Look | NYPD Honors 9/11 Victims With Ceremony

The New York Police Department honored the officers who died in the September 11, 2001, attack, or after working on the toxic pile of rubble. The department handed medals to families of 23 officers who died that day and the 49 officers and one civilian who died since.

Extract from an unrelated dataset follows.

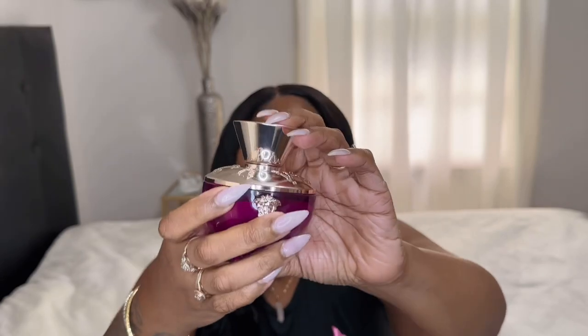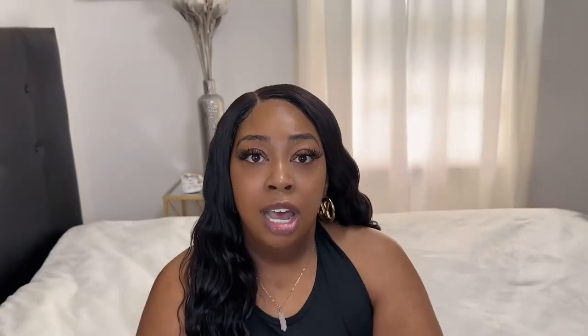It has a clear juice. This fragrance was sitting on my dresser for a long time because I've had it for a while, but anyway, let's spray this fragrance and I'll tell you what it smells like.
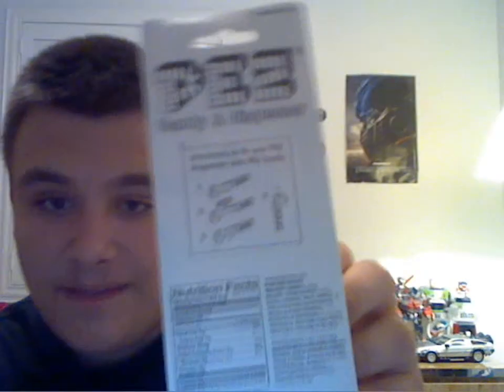On the back is the same mumbo-jumbo as before: how to load it, nutrition facts, clean dispenser before use, ages 3 and up. Peanut, tree nut, and gluten warnings. So if your name is Howard Wolowitz, you can't eat this stuff because there's peanuts.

New York City Police Commissioner Ray Kelly spoke to a packed auditorium at Lincoln Center Thursday morning to remember officers who died as a result of the September 11, 2001, attacks. “Amidst raging fire and clouds of smoke, with debris raining down around them, they drew from the place where courage resides and character is forged,” Kelly said.


( Ailsa Chang/WNYC )

Twenty-three members of the police department died in the line of duty on September 11, 2001. More than 50 engaged in rescue and recover efforts have developed cancer or other illnesses in the years since, according to police. Archbishop Timothy Dolan said of the police officers who gave their lives “after 9/11, we can never look at you the same way. We were able to duck because you stood tall.  You were symbols, and as with other symbols, I’m prompted to salute you. As with other signs, I’m moved to put my hand over my heart out of love for you.”

( Ailsa Chang/WNYC )

John DiStephano accepted a medallion from Mayor Michael Bloomberg and Police Commissioner Ray Kelly in honor of his nephew, officer Walter Weaver, who was 28 and a member of the NYPD’s Emergency Service Squads. DiStephano said Weaver died in the World Trade Center after rushing to rescue people trapped in an elevator just before the towers collapsed.

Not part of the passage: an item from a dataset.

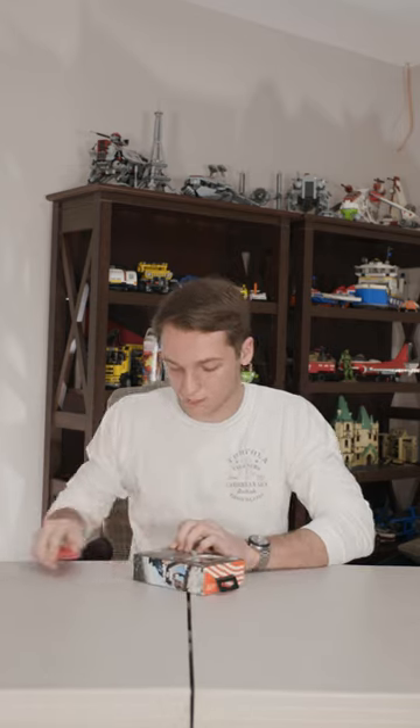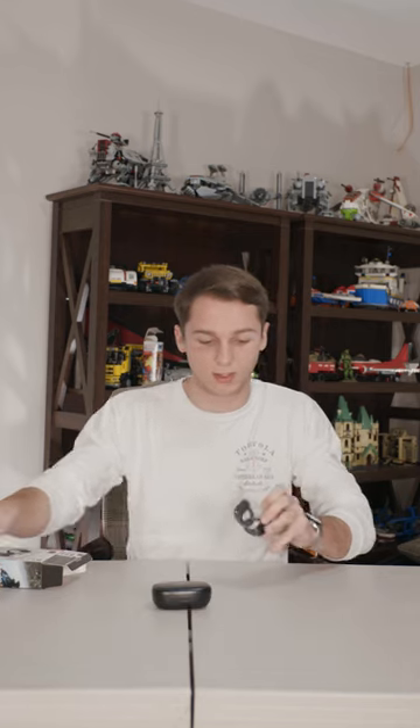Here's the charging case, and here are the headphones themselves — I guess that's why the charging case is so big. Let's see what else is in the box. They come with ear tips and a charging cable, but this is a really short charging cable, which is underwhelming. Okay, let's connect them to my phone and see how they sound.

The son of Police Officer James Godbee accepts a medallion on behalf of his father. Godbee, who engaged in rescue and recovery efforts, died on December 20, 2004.

( Ailsa Chang.WNYC )

The daughter of Detective James Zadroga accepts a medallion from Mayor Bloomberg on behalf of her father. Zadroga, who helped in rescue and recovery efforts, died on January 5, 2006. A federal law named after him funds long-term health-care and a Victims Compensation Fund for people exposed to Ground Zero dust and debris.